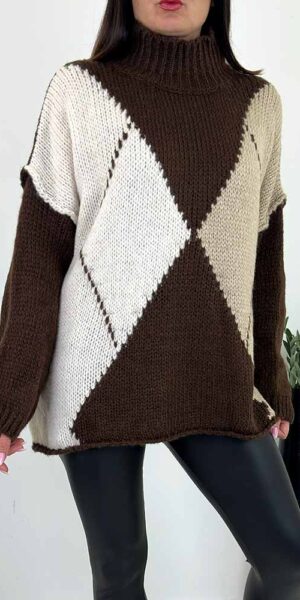 ARDEN SWETER W ROMBY Z GOLFEM CZEKOLADA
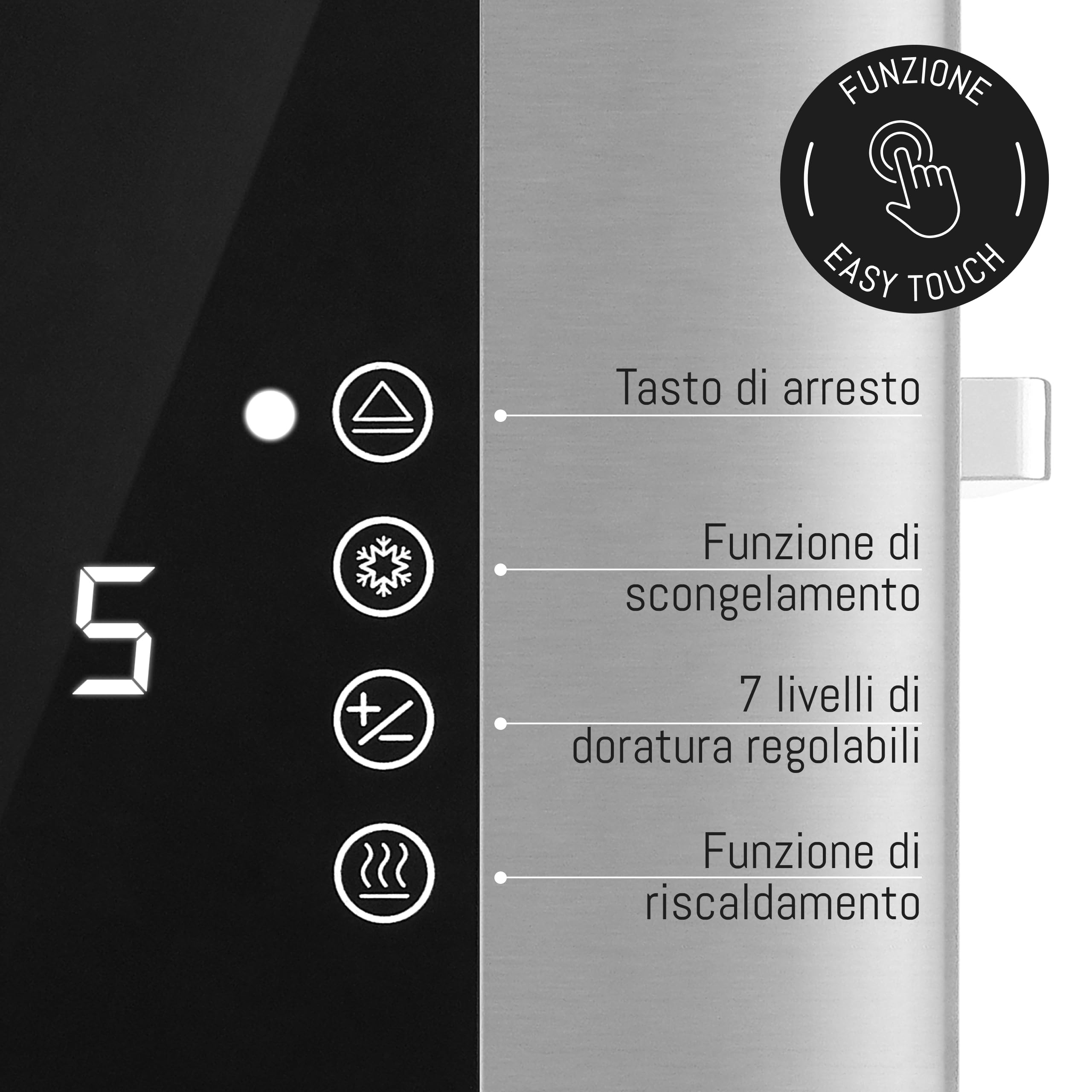LEBENLANG Tostapane con pinze in acciaio inox 4 fette - LED touchscreen & 7 modalità I 1400W Tostapane per toast farciti toaster I Tosta pane pinze per toast 4 fette professionale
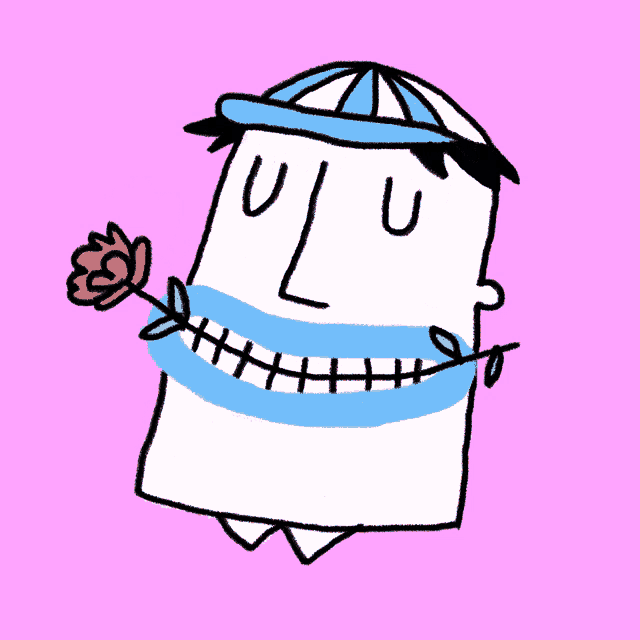 a cartoon drawing of a person with a rose in their mouth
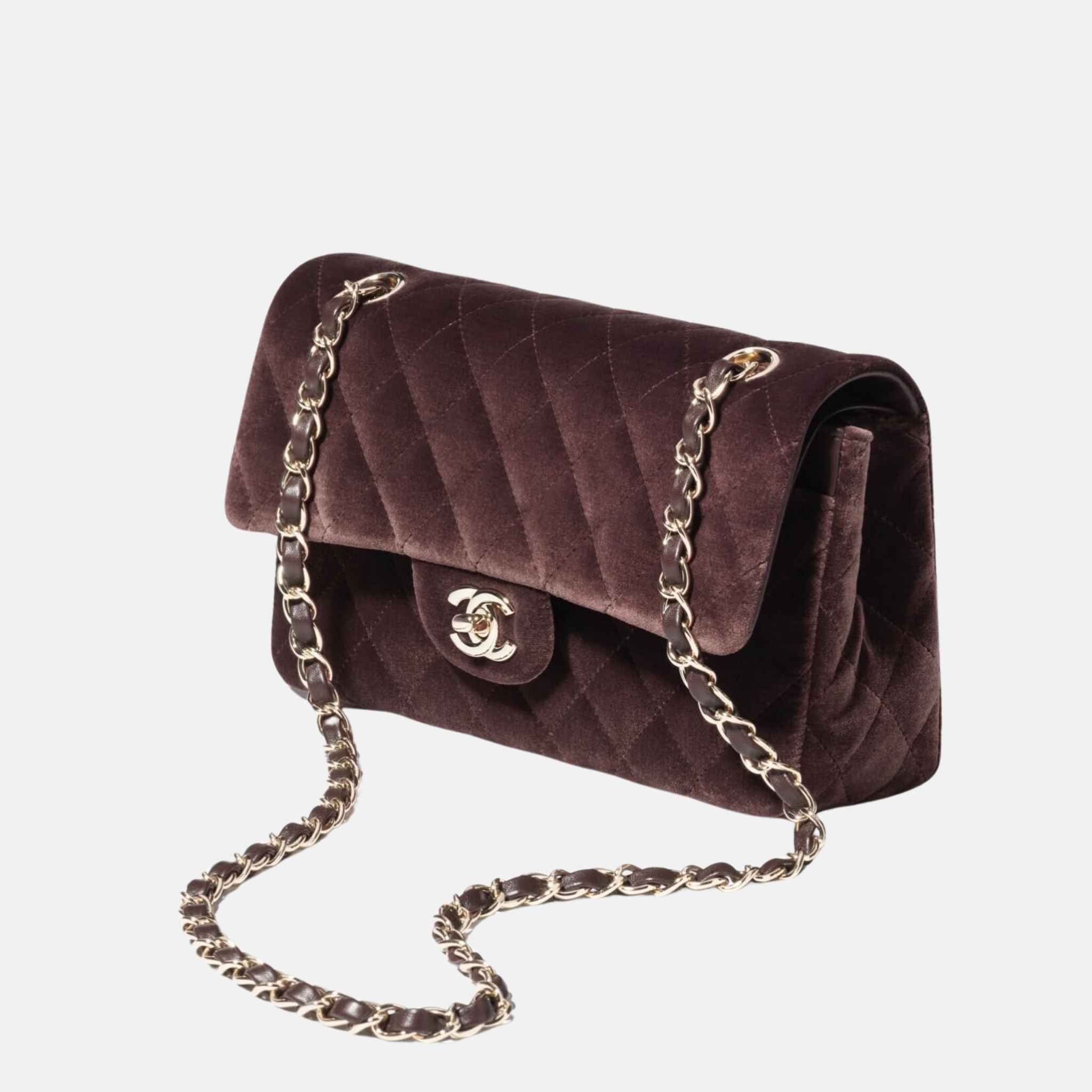 Small Classic Handbag In Velvet And Gold Metal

....

Problem:
Write out the data above in full and exactly, but not the pictures.

Response for this exercise:
 ARDEN SWETER W ROMBY Z GOLFEM CZEKOLADA
LEBENLANG Tostapane con pinze in acciaio inox 4 fette - LED touchscreen & 7 modalità I 1400W Tostapane per toast farciti toaster I Tosta pane pinze per toast 4 fette professionale
 a cartoon drawing of a person with a rose in their mouth
 Small Classic Handbag In Velvet And Gold Metal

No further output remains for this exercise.